The full set of lines below has to be duplicated exactly, with no picture kept.

Top of GIVEN DATA

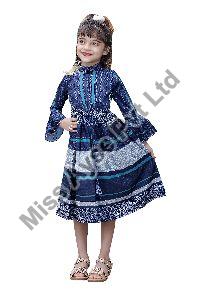 Girls Striped Printed A Line Dress With Belt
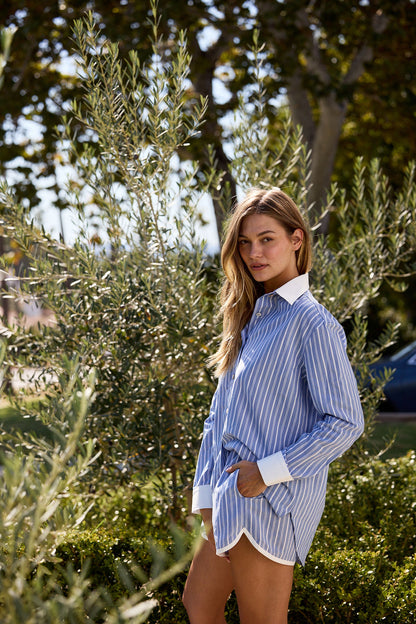 Amelia Button Down - Blue Stripe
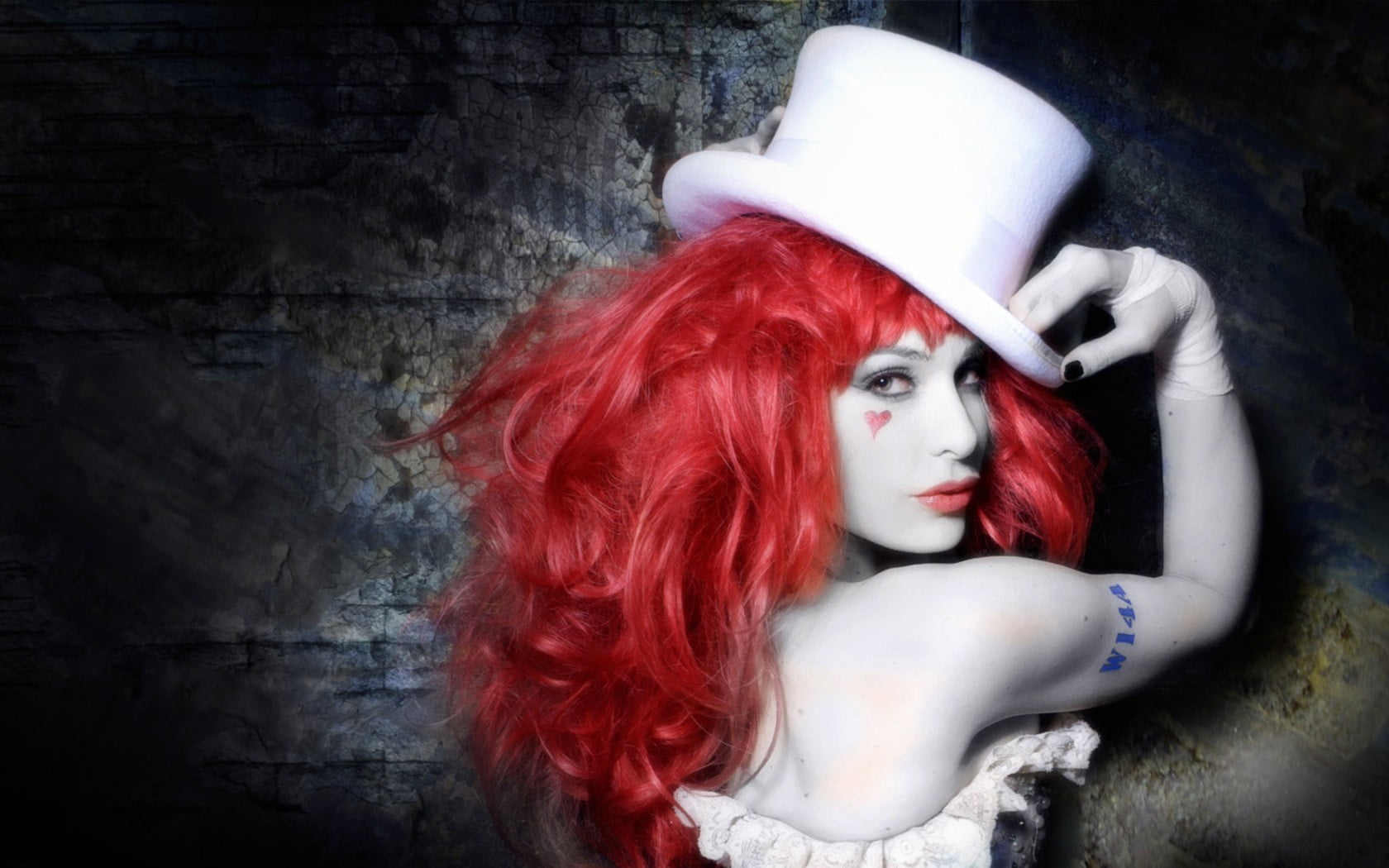 color Image, beautiful woman, looking at viewer, evil, halloween, Emilie Autumn, portrait, 720P, looking at camera, make-up, black background, glamour, HD Wallpaper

Bottom of GIVEN DATA

_EXERCISE RESPONSE:_
 Girls Striped Printed A Line Dress With Belt
 Amelia Button Down - Blue Stripe
 color Image, beautiful woman, looking at viewer, evil, halloween, Emilie Autumn, portrait, 720P, looking at camera, make-up, black background, glamour, HD Wallpaper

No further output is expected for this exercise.